FoxtrotUniform has asked for the wisdom of the Perl Monks concerning the following question:

Monks,

I've recently been asked to make some changes to a script I wrote several months ago. The script generates an input file for a statistics package we use, and as we discover limitations in the package, the script has to be changed. The problem isn't terribly difficult: the script outputs lines of arbitrary length (for this problem, length is measured in variables, not characters), and must be modified to output lines of N variables or fewer. So if N is 4:

# current output directive: v0 v1 v2 v3 v4 v5 # desired output directive: v0 v1 v2 v3 directive: v4 v5

Not terribly difficult. But these projects are usually refactors, not rewrites, and need to be done MFP. So mucking with the data structure isn't an option. What I've done so far is to convert a simple:

print "directive: "; for my $var (@vars) { print munge_var($var), " "; } print "\n";
and hacked on some counting:
my $v_count = 0; print "directive: "; for my $var (@vars) { print &munge_vars($var), " "; $v_count++; if($v_count == $LIMIT) { print "\ndirective: "; $v_count = 0; } } print "\n";

Ugh.

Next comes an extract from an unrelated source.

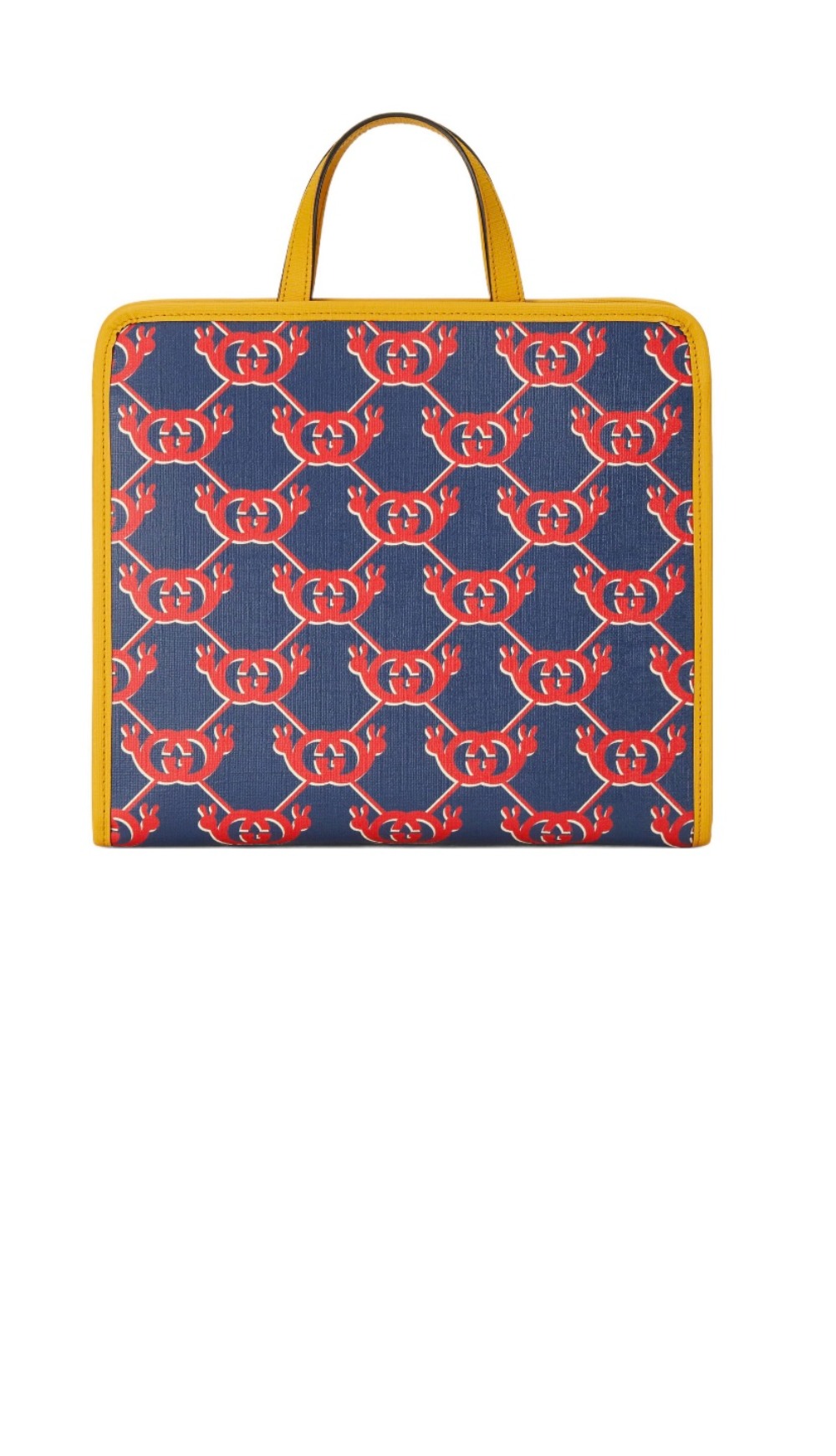 키즈 인터록 스네일 토트백 605614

But it gets the job done, even early in the morning before my first cup of coffee.

Always looking for more elegance, I'm contemplating this technique for the next time this comes up:

my $v_count = 0; for my $var (@vars) { if(($v_count % $LIMIT) == 0) { print "\ndirective: "; } print &munge_var($var), " "; } print "\n";

A bit cleaner, but outputs a leading newline, and the mod in the conditional might mess up a maintainance programmer (I've seen it happen before).

The "hey, there's a leading separator that shouldn't be there" problem that I noticed above makes me think that I should be keeping a list of lines, and doing a print join("\n", @lines), "\n"; at the bottom of the loop. All of my attemts to write a list- based solution end up being three or four times longer and harier than either of the above, though.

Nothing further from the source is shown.